"I am not the least afraid to die”
― Charles Darwin
― Charles Darwin
Look away now if you are of a delicate disposition, this place is not for the faint hearted. The Hunterian Museum is tucked away in the Royal College of Surgeons in central London. It houses an impressive collection of human anatomy, pathology, natural history and even art history which has been collected over the last 250 years.
It has the feeling of a private museum; off the beaten track, contained within a university. This may be deliberate as the exhibits require a certain degree of respect and dignity. In the late 19th century and early 20th the college was a major research hub for human evolution. Objects within the collection have generously informed the medical world and would've undoubtedly contributed to research which has found treatments and cures for many illnesses and medical conditions.
If anything, the museum is a celebration of the beautiful and most complex of all living creatures to exist on this earth: the human being. Tracing the very early and sometimes barbaric practices of dissection in the 16th century, the specimens move through the age of science and reason to modern day medicine.
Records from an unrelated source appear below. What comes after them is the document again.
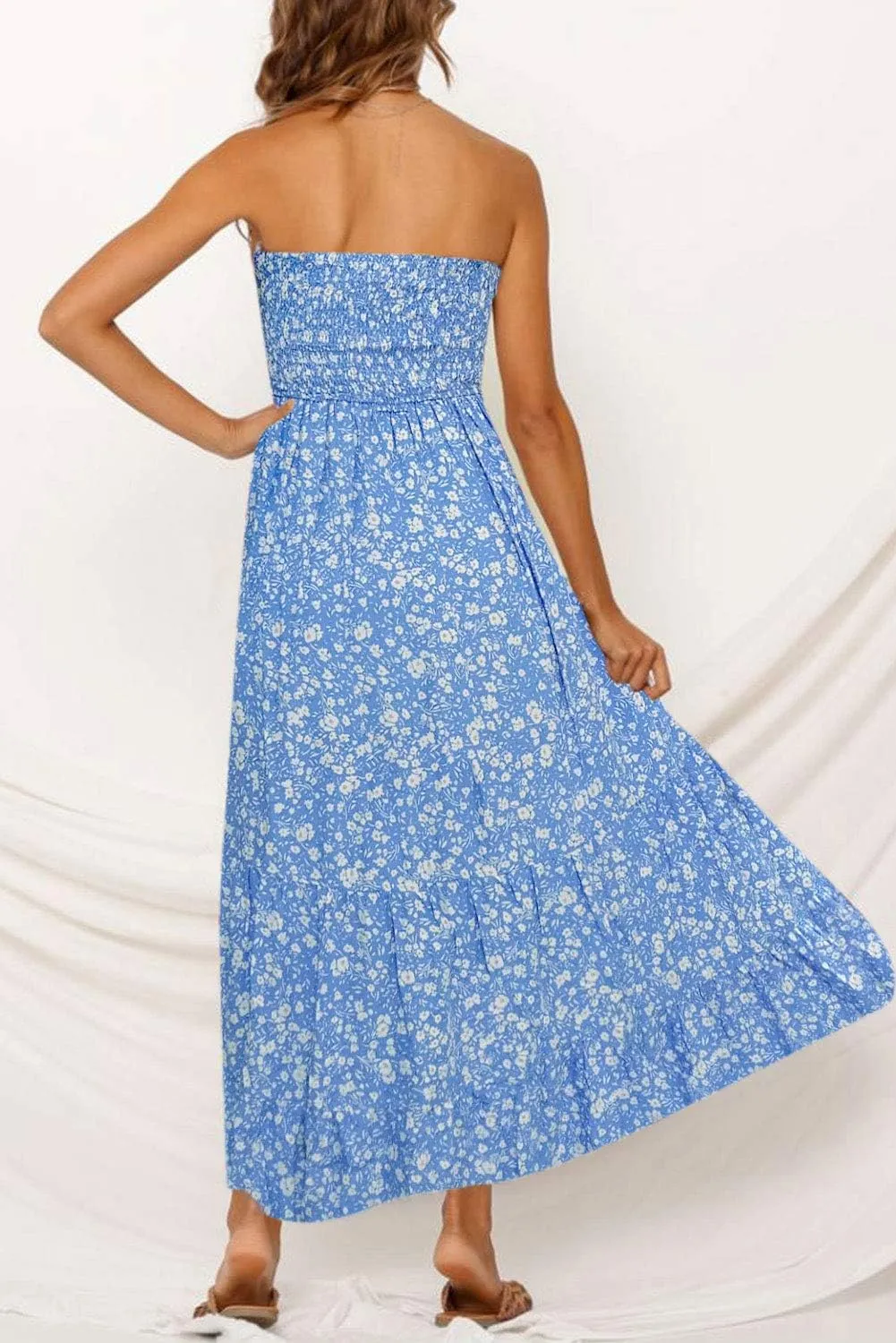 ZESICA Women's Summer Strapless Dress Off Shoulder Sleeveless High Waist Solid Color Beach Long Dresses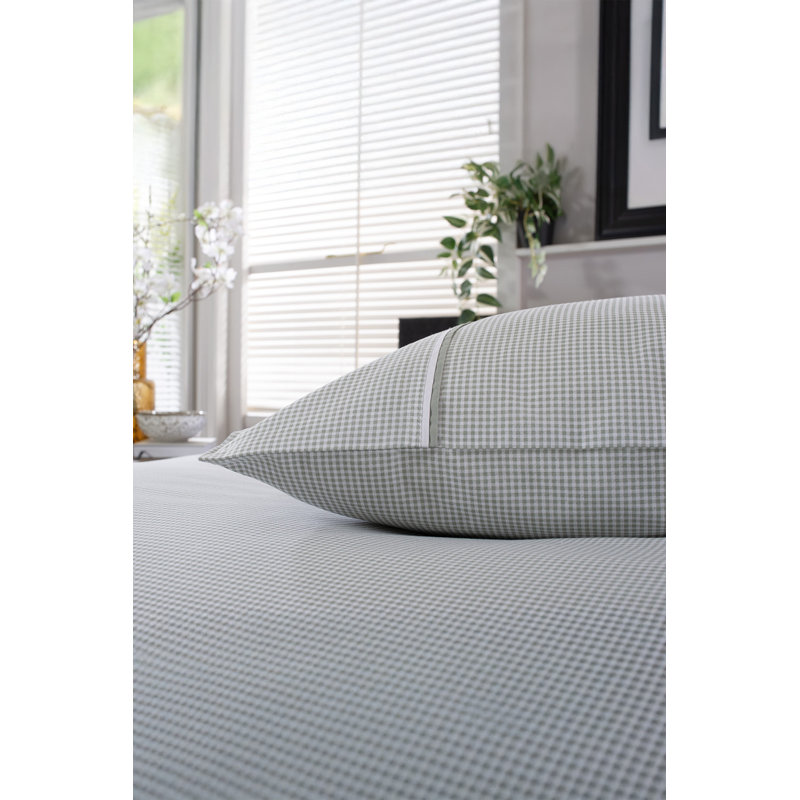 Classic Cotton Gingham Duvet Cover Set with Pillowcases, Green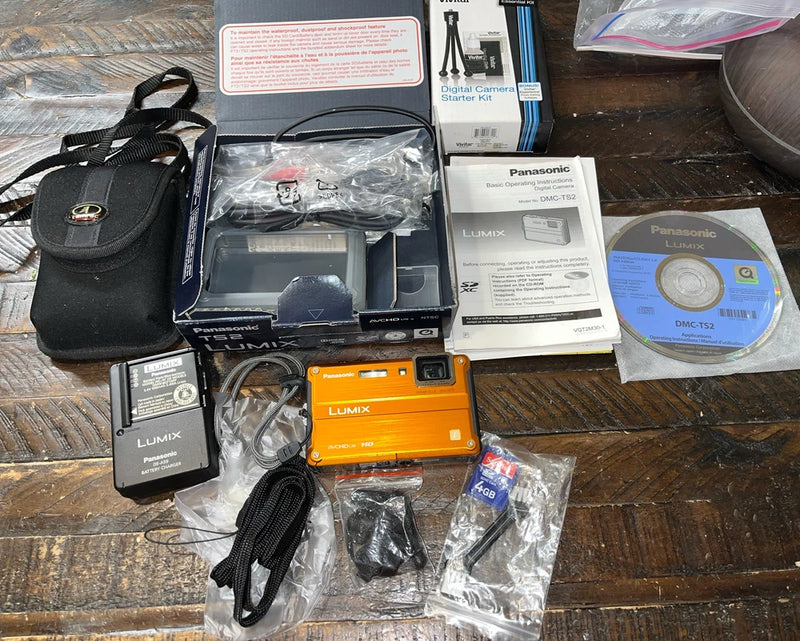 Panasonic LUMIX DMC-TS2  Waterproof 14.1 Megapixel Orange Digital Camera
William Hogarth The Four Stages of Cruelty: The Reward of Cruelty 1 February 1751 Etching and engraving |
This etching by 18th Century artist, Hogarth is the final print of a series entitled 'The Four Stages of Cruelty'. It was a propaganda stunt to de-romanticise criminal life and act as a deterrent. But he may have gone too far; illustrating the noose still attached to the freshly hung victim's neck and the bones of another being boiled for later study. The skeletons of dissected criminals were usually refused a Christian
burial and subsequently displayed as specimens, as can be seen in the
niches to the left and right. Originally a surgeon did not study like a physician; instead they carried out apprenticeships and attended public dissections. However, it did seem that at the time there were simply not enough executions to meet the demand for public dissection. 'Body snatching' was a common practice; some criminals going so far as to murder people to sell their bodies to science. Can you imagine this type of thing going on in the UK today?
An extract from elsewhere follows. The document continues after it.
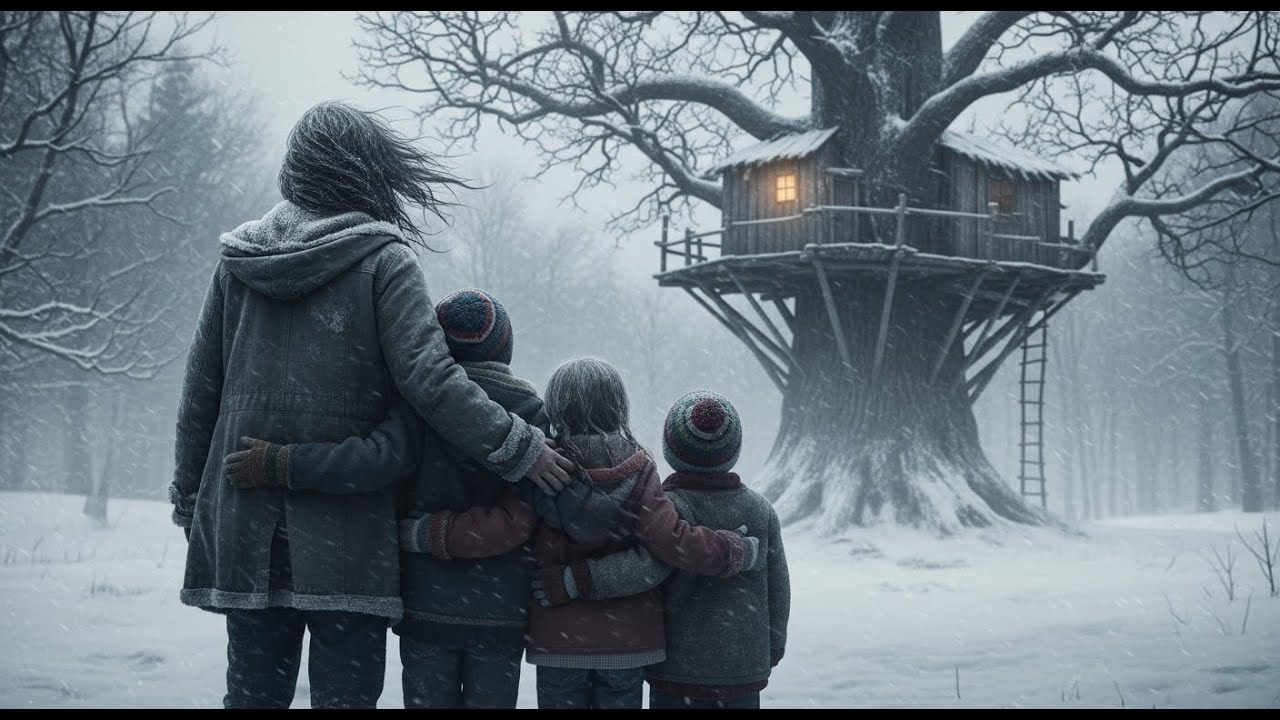 Perdidos en la nieve, una viuda y sus hijos encontraron casa en un árbol. Cocina contenía un secreto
The skeleton of the 'Irish Giant', Charles Byrne who stood at 7ft 7" |
I found the story of Charles Byrne quite moving. His exaggeratedly elongated skeleton peers over you from a glass case. Born in Co.Tyrone in the north of Ireland in 1763, Byrne soon became known as 'The Irish Giant', and eventually toured with a traveling show in England where people would pay to come face to face with this 7ft 7" (2.31m) titanic figure. It was later discovered that he suffered from the then unknown condition Giantism, which is when a tumor develops in the pituitary gland causing an overproduction of the growth hormone. This meant that his bones kept growing past adolescence and into adulthood. Though Byrne did not live very long, dying at the young age of 22, he was all too aware of vulturous demand for his corpse amongst the medical world and his dying wish was to be buried at sea.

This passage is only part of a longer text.